Around Shangri-La Records, in Memphis, Tennessee, you’re in Midtown, where older residential streets meet a lively commercial strip of tattoo shops, bars, restaurants, and music venues that has a layered, slightly gritty energy that feels tied to the city’s musical identity.
And near Record Exchange in the Southampton neighborhood of St. Louis, Missouri, the pattern shifts again: a compact, hyper-local commercial strip along Hampton Avenue, with a mix of long-standing neighborhood businesses and newer arrivals, all embedded within a residential fabric that feels steady, lived-in, and distinctly St. Louis. (The shop is also a modernist architectural marvel, built in 1961 and located in the former Buder Branch of the St. Louis Public Library.)
In Phoenix, Arizona, attempts to wander around places like Stinkweeds and Tracks in Wax proved mostly futile, not for lack of interesting surroundings, but because the distances, the heat, and the sheer hostility of the pedestrian environment make walking really suck. But that’s an urban planning rant for another time.

These walks aren’t curated or exceptional; they’re just a random cross-section of where I’ve ended up over the past year. But they don’t have to be remarkable to matter. In fact, that’s the point. As John R. Stilgoe wrote, “outside lies magic,” pretty much wherever outside is.

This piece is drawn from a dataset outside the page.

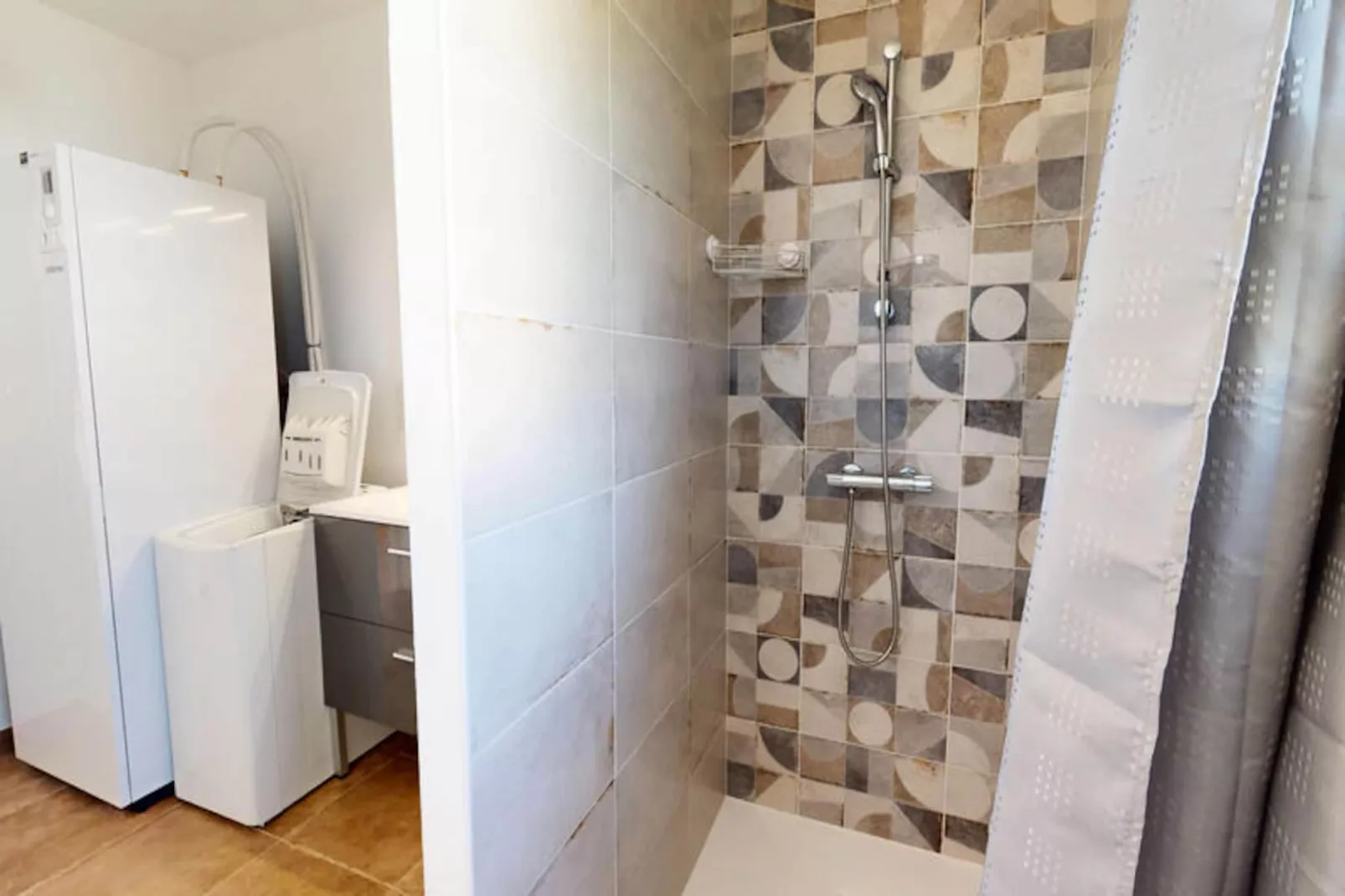 Maison à Saint-Hilaire-de-Riez-Untagged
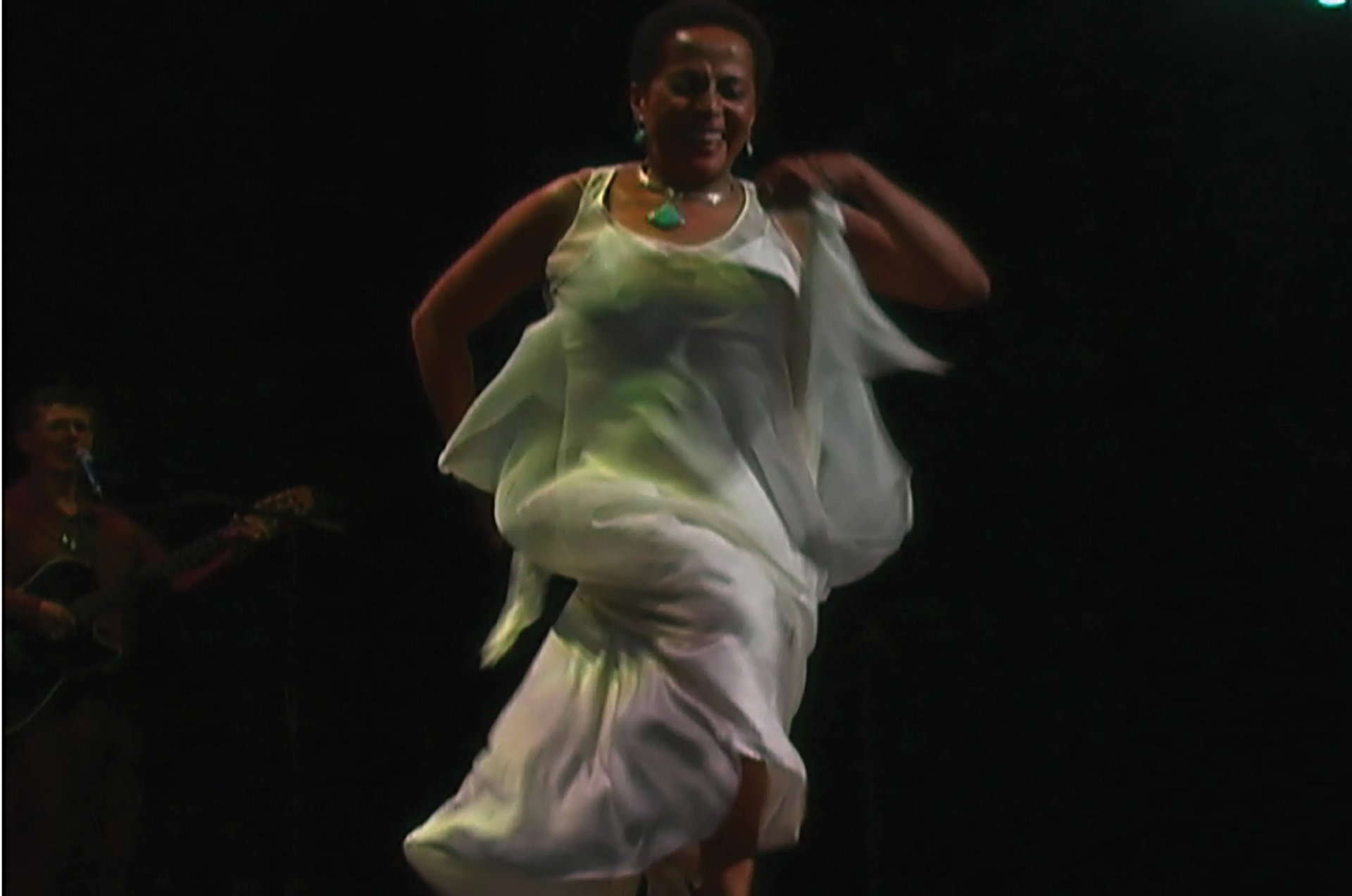 Grimanesa Amoros LA CONEXION PERFECTA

Hunting for records never happens in a vacuum; it’s a real-world, physical experience of people and places, an invitation to explore and … wander. And the records themselves, the ones in the used bins anyway, often reflect the social and cultural layers of the surrounding city and its residents. So pick a store. Go there. Walk around. Get lost. Be a flaneur. Deambulate. Dérive.
Oh, and ask the record store if it does shipping so you don’t break your back along the way.



This is the best thing yet on the Lung. You're a great writer and I'm grateful to know you.
Great stuff. I'd add that in a complicated/income-all-over-the-place city, the used record stores (and thrift stores) vary in their personality and inventory as much as their neighborhoods do. Records I've scooped from the $2 or $0 bin in the business district's tourist-oriented, Record-Store-Day-observing shop have got me $5 or $15 or (in a memorable instance) $175 of trade value at a shop a few dozen blocks and eight sociocultural zones away. Everybody wins!